[Date Prev][Date Next][Thread Prev][Thread Next][Date Index][Thread Index]

20040920: Possible pqact issue in LDM?



Steven,

>Date: Mon, 20 Sep 2004 14:35:13 -0500
>From: "Steven Danz" <address@hidden>
>Organization: Aviation Weather Center
>To: Steve Emmerson <address@hidden>
>Subject: Re: 20040920: Possible pqact issue in LDM?
>Keywords: 200409091803.i89I3pnJ023109

The above message contained the following:

> ...  So far a missed
> product doesn't show up in the log when running in real-time.  Running
> it by hand after the fact and it shows up fine.

The first thing that pqact(1) does with every product is to log
it to the logfile (when in verbose mode).  This is done before
executing any action.  Consequently, it's very hard to believe that
the manually-executed pqact(1) does this but the LDM pqact(1) doesn't
because this would mean that the two pqact(1)s aren't matching the same
data-products.  A more believable hypothesis is that the data-product in
question hasn't yet arrived in the product-queue (but see below).

> So you are saying that it takes over 600 seconds (10 minutes) on a
> system with a load of ~0.05 to act on a product once it is received in
> the queue?

No.  I'm saying that it can take more than ten minutes from the time
that the AWC transmits a data-product destined for NOAAPORT to the time 
that it's received by the AWC's LDM from NOAAPORT.

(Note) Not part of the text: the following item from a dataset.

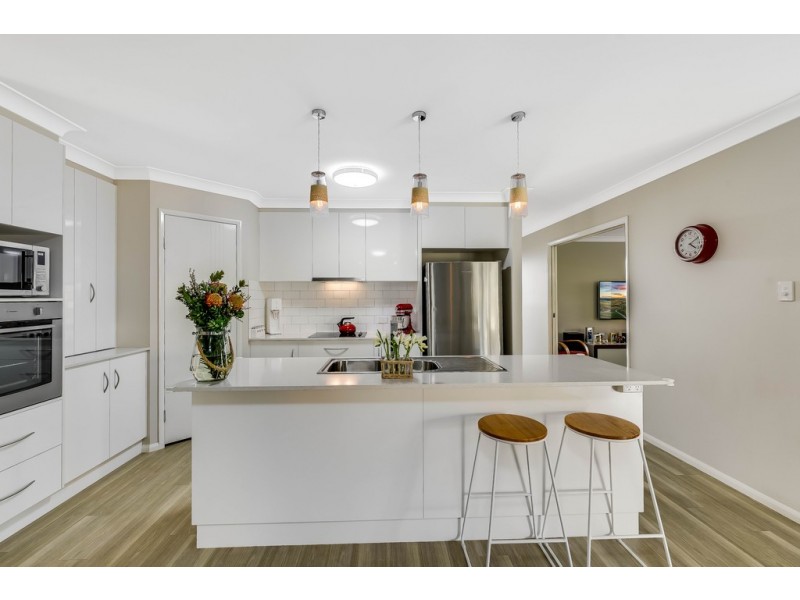 26 Gwenda Drive, Westbrook QLD 4350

> I thought the SIGCONT that the pq_insert() generates would 'kick' the
> pqact into action alot sooner than that...

It will.

> Also, the 'missed' product is bracketed by 'caught' products in every
> case so far.  Which was another cause for concern.  So I would guess
> it should be taking care of these things in order, so it should have
> caught the missed product.

Well, that kills my "more believable hypothesis" scenario, above.

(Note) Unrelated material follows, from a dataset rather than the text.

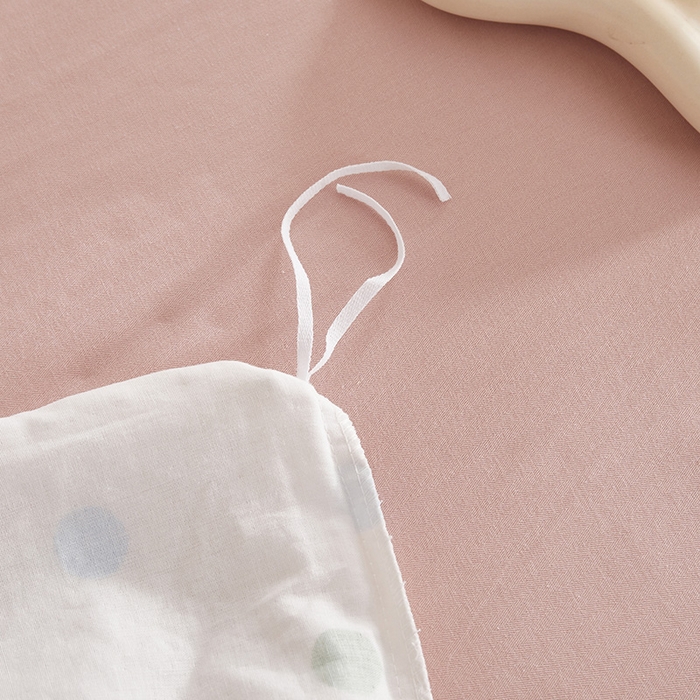 91家纺网 家纺一手货源 找家纺 怡家居 2025新款全棉双层纱可爱卡通毛巾绣四件套 点点小淘气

I hope you're sure about this.

Are there any reconnections by the monitoring LDM system that's
downstream from the NorthupGrumman NOAAPort system at this time?

Also, as I explained in an email on Mon, 13 Sep 2004 15:44:34 -0600,
a data-product that was inserted into the product-queue just after
the system clock was set backwards could be missed by a reader of the
product-queue.  The behavior of the LDM system in this case would be
consistent with everything that you've related.

Is the clock on the NorthupGrumman NOAAPort system (on which the LDM is
running) kept accurate somehow?  Is an ntpd(8) daemon running?  Does
root's crontab(1) execute ntpdate(1) periodically?

> I'm wondering if there isn't something 'bad' happening because
> of how the ingesters were written.  I find it odd that they
> pq_open()/pq_close() for each product inserted, not just once for the
> duration of the program.

These LDM ingesters are getting data-products from the AWIPS CP
software?  Are they started by EXEC entries in the LDM
configuration-file?

I can't see how opening and closing the product-queue for every
data-product would cause the problem you're seeing, but that mechanism
is grossly inefficient -- especially for large, memory-mapped files --
and should be corrected ASAP.

> The way the pqact is behaving, I'm wondering about signals and if
> something isn't causing pqact to 'jump' away from its normal routine
> and miss a section of the queue.

I don't see how.

Waiting with bated breath,
Steve Emmerson